Context: In calculating the optimal policy for MDP's an algorithm called Value Iteration is used. I am using this algorithm to calculate the optimal policy for a small game and test my knowledge in the field.
In the game, $d$ normal dices (1-6) are rolled simultaneously, and you can either pick all dices with the largest value, or all dices with the smallest value. To not have to compute all possible $6^d$ dice rolls, I limit it to $x$ dices getting the smallest values, and $y$ dices getting the highest values, where $1 \leq x \leq d$ and $y \leq d - x$.

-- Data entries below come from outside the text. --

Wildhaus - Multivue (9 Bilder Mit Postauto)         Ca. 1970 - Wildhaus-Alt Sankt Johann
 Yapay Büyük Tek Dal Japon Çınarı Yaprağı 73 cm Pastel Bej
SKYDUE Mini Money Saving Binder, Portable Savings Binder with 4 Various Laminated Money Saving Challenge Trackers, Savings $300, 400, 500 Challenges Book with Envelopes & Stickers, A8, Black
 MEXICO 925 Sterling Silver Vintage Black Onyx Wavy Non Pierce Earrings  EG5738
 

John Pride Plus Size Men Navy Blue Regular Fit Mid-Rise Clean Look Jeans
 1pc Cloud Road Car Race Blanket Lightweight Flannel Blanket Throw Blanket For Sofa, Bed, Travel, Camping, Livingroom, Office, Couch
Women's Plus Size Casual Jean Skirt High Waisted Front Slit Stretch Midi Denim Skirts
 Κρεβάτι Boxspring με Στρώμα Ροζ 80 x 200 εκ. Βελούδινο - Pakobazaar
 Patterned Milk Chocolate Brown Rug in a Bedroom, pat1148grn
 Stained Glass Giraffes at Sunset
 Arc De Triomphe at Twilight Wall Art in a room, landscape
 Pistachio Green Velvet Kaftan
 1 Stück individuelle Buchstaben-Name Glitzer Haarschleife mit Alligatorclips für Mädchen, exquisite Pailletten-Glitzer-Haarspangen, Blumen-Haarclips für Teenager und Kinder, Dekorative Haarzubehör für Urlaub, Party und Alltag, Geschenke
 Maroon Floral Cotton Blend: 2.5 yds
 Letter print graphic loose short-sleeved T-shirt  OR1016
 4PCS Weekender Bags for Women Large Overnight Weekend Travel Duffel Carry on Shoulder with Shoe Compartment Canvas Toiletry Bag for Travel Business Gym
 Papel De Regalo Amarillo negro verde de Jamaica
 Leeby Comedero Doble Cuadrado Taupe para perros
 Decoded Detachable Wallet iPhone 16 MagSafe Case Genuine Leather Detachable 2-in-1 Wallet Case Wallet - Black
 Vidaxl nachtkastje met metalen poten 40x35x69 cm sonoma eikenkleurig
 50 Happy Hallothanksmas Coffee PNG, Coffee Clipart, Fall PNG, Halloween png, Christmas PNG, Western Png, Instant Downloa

Now my question is: With $d$ dices, what is the probability that $x$ dices fall on a minimum value $v_x$, $y$ dices fall on a maximum value $v_y > v_x$, and $z = d - (x+y)$ dices are between (not including) $(v_x, v_y)$?
I have the feeling that the $z$ in-between dices can be modeled with a binomial distribution with $binom(z, d, \frac{v_y - v_x - 1}{6})$, but I am not sure how to reconcile this with the probabilities of $x$ and $y$.
Assuming that $v_x<v_y$, $0<x,0<y,x+y\le d$ the probability reads: $$ p(x,y,v_x,v_y)=\frac{d!}{x!y!(d-x-y)!}\frac{(v_y-v_x-1)^{d-x-y}}{6^d},\tag1 $$ with the convention $0^0=1$. The probabilities do not sum to $1$ because the allowed events do not include the cases with $v_x=v_y$, i.e. the events with all dice showing up the same value, the probability of such events being $\frac1{6^{d-1}}$. One can notice that the formula $(1)$ is applicable in the case $v_x=v_y$ as well provided the convention that one of $x,y$ is $d$ and the other is $0$.